An initial examination of the plants in the field also revealed the number and size of the plants’ pods were reduced when compared with neighbours’. The root systems were also smaller than average.
However, I didn’t think the variety was the problem because Andrew had used one of the best hybrids for the area with a proven track record for vigour, yield and quality. Andrew and I also eliminated any issues surrounding the seeding of the crop, such as timing, rate and depth, as well as insect feeding and herbicide injury as possible causes of the crop’s delayed development. It was the field’s history and fertility records that ultimately provided the key information to solving the puzzle of the crop’s slow maturity.
Yields of 75 bushels per acre, 30 bu./ac., and 35 bu./ac. of barley, peas and wheat, respectively, were typical for this field. Last spring, Andrew had applied 80-0-0-20 side-banded with three gallons per acre of seed-placed orthophosphate fertilizer. Like many growers on the Prairies, Andrew thought he was taking care of the fertility needs of his plants, but this was not the case. Past soil test results revealed declining phosphate levels. Therefore, the cause of the stunted, short canola crop was a phosphate deficiency!
Like many farmers in the West, Andrew had underestimated how much nutrient, particularly phosphorus, was being removed by his harvested crops. Previous barley, pea and wheat crops had removed 31.5 lbs./ac., 21 lbs./ac. and 21 lbs./ac., respectively, of phosphate from the field’s soil. Andrew had been replacing only eight lbs./ac. with the application of the liquid orthophosphate fertilizer, which led to declining levels of plant-available phosphate.
When considering phosphate nutrition, it is important to replace what is being removed from the soil in order to avoid depleting the phosphate available to subsequent crops.
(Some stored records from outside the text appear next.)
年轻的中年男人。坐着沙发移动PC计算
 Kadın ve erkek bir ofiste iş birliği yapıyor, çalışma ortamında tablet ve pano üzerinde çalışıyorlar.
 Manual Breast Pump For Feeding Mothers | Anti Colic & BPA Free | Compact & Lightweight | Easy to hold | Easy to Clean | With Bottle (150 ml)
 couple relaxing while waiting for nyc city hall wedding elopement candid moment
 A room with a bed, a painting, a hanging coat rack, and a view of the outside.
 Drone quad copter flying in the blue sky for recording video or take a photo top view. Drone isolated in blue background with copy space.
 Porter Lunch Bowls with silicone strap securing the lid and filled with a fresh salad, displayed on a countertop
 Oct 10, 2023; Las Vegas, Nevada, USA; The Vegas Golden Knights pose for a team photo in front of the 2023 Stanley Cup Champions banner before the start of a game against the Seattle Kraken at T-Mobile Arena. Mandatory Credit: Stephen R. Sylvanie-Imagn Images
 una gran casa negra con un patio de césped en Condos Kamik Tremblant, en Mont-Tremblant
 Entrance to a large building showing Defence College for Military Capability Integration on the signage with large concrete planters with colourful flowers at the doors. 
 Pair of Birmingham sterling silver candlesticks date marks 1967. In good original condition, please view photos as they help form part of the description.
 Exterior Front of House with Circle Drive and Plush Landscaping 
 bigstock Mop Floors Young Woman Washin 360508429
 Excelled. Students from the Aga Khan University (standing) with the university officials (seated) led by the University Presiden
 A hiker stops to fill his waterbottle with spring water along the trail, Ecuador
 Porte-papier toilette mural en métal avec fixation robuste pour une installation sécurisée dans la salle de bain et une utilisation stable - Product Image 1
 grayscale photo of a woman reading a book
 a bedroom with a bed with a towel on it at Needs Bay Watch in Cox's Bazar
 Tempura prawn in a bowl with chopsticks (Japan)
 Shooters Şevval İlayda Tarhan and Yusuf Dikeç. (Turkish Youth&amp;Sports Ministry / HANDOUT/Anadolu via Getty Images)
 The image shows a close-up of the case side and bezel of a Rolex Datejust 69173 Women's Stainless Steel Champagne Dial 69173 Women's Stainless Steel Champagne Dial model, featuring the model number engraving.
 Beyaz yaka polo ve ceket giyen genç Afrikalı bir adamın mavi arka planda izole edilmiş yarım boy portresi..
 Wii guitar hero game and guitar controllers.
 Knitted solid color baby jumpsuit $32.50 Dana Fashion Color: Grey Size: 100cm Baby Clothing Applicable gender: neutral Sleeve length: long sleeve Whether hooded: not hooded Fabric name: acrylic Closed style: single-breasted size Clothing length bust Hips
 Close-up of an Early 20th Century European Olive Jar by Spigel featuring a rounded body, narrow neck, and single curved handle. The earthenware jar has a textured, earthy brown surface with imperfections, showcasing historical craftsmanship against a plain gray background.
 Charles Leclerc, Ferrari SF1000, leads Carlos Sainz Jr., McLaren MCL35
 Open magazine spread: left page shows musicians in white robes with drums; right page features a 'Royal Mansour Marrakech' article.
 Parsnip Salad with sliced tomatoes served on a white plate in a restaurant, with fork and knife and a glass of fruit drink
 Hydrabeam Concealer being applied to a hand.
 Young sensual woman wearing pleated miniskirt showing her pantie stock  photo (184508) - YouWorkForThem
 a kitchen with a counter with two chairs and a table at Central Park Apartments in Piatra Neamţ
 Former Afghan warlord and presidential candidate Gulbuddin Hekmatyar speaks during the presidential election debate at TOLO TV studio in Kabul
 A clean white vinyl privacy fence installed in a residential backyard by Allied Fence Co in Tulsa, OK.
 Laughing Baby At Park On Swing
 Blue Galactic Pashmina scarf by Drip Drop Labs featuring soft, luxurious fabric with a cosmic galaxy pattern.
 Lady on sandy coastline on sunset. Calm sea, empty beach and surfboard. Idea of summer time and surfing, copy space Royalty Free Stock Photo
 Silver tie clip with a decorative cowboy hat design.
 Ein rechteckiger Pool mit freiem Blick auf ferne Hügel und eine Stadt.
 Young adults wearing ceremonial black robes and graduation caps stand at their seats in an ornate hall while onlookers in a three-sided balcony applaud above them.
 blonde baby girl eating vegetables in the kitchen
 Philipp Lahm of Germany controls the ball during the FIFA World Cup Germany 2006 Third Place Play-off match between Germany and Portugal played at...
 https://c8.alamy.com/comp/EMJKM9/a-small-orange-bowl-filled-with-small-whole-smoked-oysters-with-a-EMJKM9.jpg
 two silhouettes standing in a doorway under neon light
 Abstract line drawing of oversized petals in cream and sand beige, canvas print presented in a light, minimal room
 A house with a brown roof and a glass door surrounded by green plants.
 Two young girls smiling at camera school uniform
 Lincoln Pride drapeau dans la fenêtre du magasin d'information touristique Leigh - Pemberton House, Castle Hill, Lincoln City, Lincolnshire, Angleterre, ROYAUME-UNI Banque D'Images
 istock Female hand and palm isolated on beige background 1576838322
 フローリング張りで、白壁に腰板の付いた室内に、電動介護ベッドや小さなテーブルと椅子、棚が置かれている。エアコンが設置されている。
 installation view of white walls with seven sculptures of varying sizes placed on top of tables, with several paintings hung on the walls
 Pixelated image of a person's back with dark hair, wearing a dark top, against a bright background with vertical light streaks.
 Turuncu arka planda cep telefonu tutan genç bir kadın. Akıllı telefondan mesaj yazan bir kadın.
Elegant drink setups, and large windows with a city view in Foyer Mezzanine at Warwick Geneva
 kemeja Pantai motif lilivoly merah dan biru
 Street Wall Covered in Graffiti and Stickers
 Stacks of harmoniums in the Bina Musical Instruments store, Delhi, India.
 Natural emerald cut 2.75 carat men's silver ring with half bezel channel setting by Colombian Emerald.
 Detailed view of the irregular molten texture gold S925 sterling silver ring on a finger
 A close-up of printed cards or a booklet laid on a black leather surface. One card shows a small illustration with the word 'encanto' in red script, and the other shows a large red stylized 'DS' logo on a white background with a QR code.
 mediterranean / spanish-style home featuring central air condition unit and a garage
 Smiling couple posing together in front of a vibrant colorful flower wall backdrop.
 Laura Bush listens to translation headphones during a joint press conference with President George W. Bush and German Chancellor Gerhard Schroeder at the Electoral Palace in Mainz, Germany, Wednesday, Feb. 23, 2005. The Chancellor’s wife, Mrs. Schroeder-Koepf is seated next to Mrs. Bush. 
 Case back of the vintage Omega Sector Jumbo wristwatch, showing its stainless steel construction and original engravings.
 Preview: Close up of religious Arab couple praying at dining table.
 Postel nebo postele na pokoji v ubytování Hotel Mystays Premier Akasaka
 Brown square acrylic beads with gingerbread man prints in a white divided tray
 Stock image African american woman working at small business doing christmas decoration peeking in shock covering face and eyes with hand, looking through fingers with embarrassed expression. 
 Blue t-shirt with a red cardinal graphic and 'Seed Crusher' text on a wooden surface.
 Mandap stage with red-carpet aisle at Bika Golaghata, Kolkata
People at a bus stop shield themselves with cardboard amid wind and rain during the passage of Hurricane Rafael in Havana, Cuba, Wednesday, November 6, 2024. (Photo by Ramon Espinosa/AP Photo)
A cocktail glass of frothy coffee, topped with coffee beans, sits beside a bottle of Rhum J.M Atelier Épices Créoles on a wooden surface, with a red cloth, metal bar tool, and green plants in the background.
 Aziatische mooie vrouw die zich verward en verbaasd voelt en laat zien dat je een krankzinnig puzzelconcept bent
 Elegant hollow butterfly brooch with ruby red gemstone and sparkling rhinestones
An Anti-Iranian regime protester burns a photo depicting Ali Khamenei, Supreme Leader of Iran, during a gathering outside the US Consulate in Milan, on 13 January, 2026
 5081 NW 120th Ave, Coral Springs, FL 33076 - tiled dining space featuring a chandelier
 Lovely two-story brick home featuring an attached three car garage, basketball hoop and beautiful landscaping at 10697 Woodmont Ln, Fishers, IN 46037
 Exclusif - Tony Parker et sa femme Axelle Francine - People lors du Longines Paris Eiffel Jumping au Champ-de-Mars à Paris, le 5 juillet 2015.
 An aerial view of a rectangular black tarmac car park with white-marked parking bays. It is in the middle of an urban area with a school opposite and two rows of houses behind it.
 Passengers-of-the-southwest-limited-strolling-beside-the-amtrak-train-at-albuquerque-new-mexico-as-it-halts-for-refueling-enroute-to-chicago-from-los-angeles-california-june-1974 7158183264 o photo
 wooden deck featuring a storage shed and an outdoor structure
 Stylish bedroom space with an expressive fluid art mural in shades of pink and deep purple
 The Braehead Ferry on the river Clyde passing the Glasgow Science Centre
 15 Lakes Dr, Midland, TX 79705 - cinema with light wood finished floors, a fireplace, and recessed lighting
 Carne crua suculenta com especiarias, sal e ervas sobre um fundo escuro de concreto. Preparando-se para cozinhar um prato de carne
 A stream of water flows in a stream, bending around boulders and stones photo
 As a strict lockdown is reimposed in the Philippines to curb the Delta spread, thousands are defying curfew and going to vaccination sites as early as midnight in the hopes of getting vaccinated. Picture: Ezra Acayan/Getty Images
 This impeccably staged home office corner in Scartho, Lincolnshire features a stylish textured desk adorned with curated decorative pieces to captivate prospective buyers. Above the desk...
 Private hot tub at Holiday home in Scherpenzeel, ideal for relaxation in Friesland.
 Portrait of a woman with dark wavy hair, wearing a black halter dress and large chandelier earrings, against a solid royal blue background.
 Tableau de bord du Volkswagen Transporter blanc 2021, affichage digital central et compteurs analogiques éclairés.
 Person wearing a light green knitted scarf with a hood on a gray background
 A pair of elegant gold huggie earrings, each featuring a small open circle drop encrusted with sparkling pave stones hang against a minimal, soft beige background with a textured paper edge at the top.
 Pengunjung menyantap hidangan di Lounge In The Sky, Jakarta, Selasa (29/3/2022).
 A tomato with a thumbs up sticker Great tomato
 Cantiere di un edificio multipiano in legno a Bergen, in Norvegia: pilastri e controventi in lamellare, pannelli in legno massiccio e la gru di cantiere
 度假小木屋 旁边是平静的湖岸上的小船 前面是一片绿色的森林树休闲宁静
Knowing what each crop removes and replacing that amount is essential for healthy plant growth and development. Western Canada is fortunate to have fertile soils that can supply a lot of nutrients; however, over time yields will eventually be affected if the plants’ actual nutrient requirements are not being met.
Unfortunately, it was too late to do anything for Andrew’s crop that growing season. The field yielded only 22 bu./ac. — well below the area average. However, this year, Andrew will seed-place from 35 to 40 lbs./ac. actual of 11-52-0 to restore the depleted soil phosphate to appropriate levels. In the future that rate will be decreased slightly to a minimum of 30 lbs./ac. actual of 11-52-0.
Understanding the amount of phosphate each harvested crop removes from the soil and what the different forms of phosphorus in the soil (organic, available inorganic and unavailable inorganic) actually supply to the crop, and applying this information to his phosphorus management should maximize Andrew’s yield and economic returns in the future. †